**EXERCISE INPUT:**
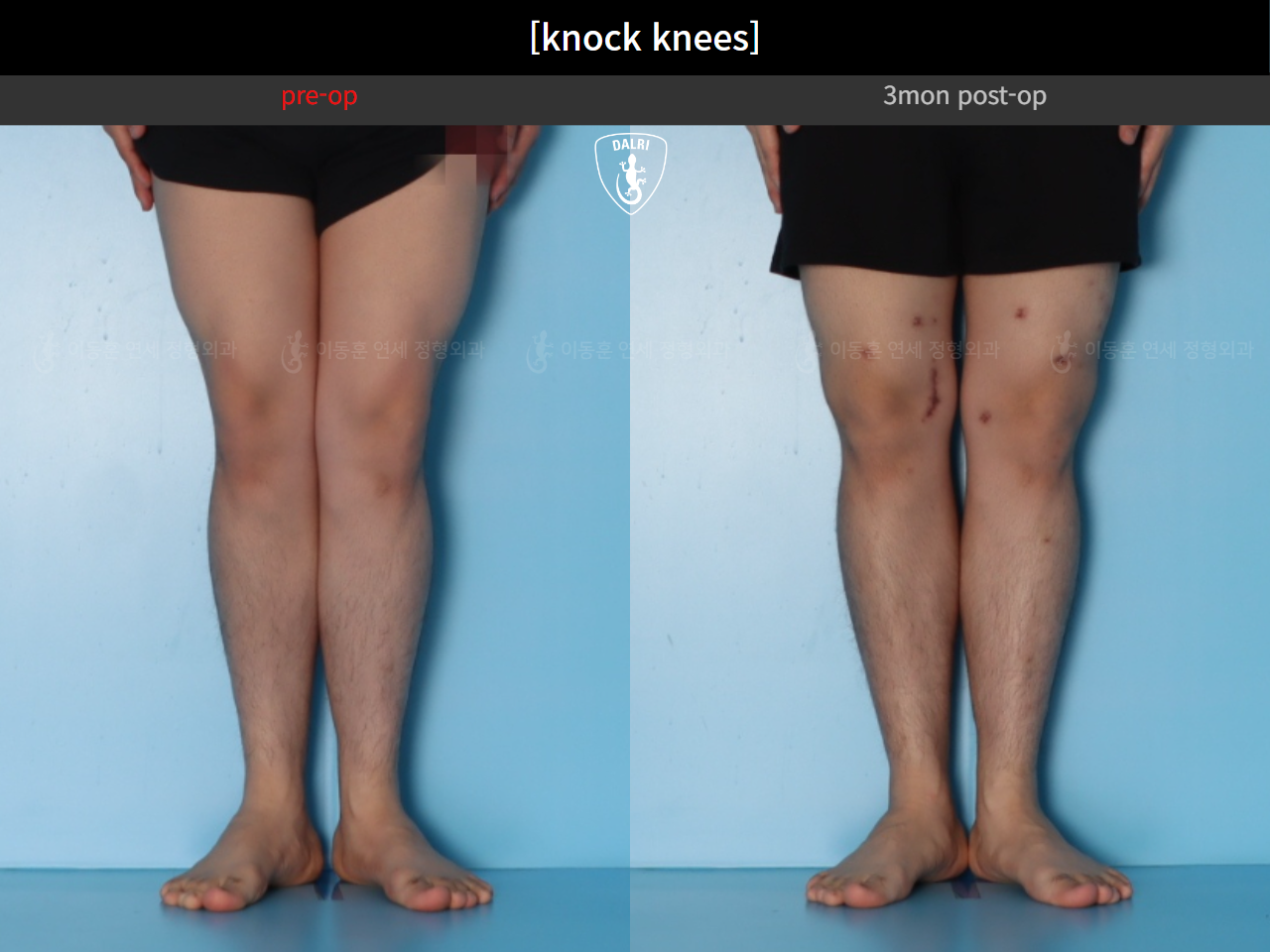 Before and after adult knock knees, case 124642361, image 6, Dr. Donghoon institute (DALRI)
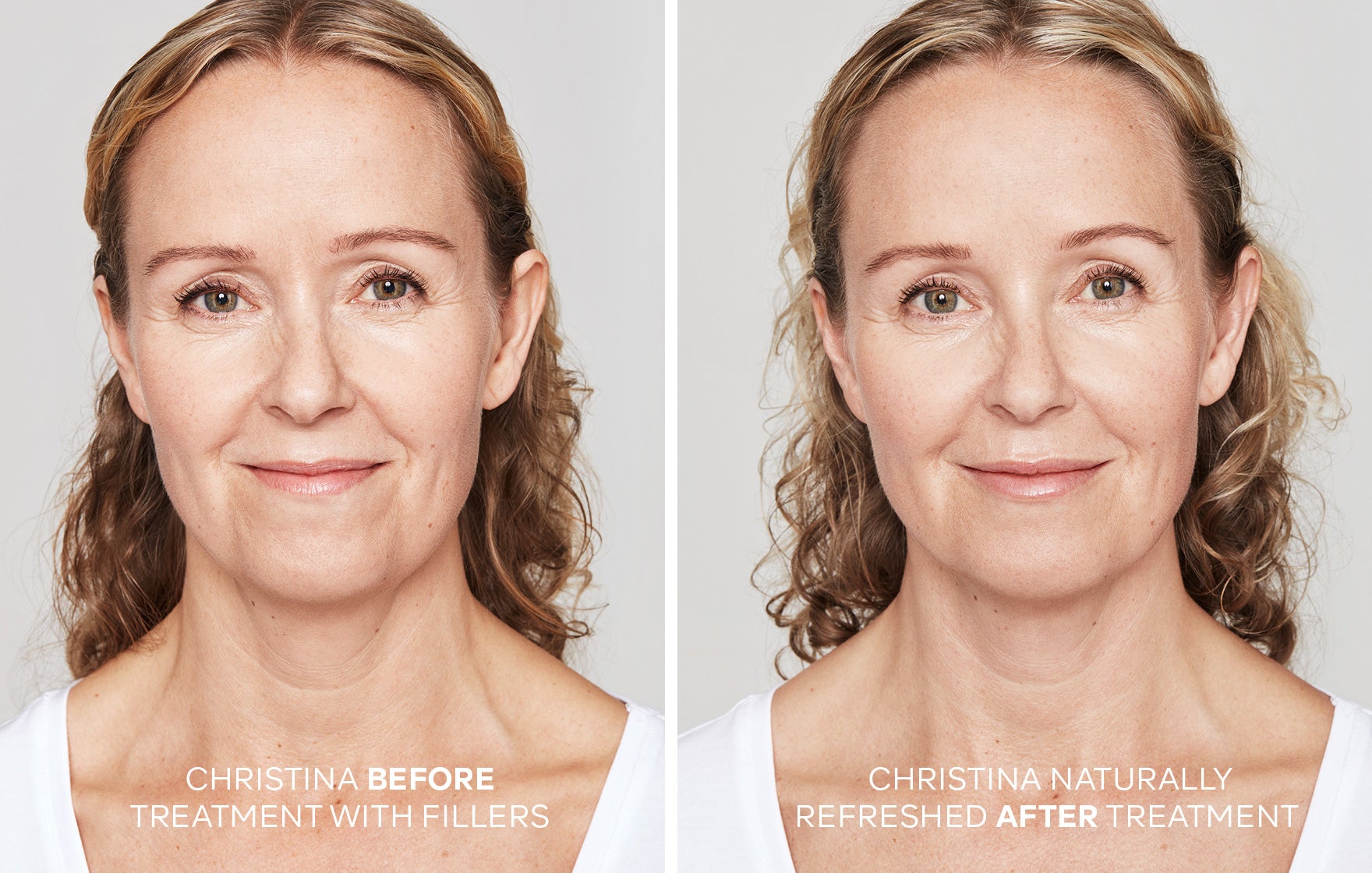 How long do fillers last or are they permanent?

==

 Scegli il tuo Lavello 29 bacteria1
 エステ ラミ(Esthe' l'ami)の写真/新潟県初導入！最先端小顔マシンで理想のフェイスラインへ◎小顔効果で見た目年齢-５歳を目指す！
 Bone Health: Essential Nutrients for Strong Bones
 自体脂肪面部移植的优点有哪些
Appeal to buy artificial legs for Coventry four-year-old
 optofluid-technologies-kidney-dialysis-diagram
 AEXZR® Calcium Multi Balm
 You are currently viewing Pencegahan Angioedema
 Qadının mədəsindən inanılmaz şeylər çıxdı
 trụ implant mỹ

**TASK STATEMENT:** Give back, unchanged, the run of lines in the listing above that begins at the line containing "Bone Health: Essential" and ends at the line containing "trụ implant mỹ", both included.

**RESULT OF THE EXERCISE:**
 Bone Health: Essential Nutrients for Strong Bones
 自体脂肪面部移植的优点有哪些
Appeal to buy artificial legs for Coventry four-year-old
 optofluid-technologies-kidney-dialysis-diagram
 AEXZR® Calcium Multi Balm
 You are currently viewing Pencegahan Angioedema
 Qadının mədəsindən inanılmaz şeylər çıxdı
 trụ implant mỹ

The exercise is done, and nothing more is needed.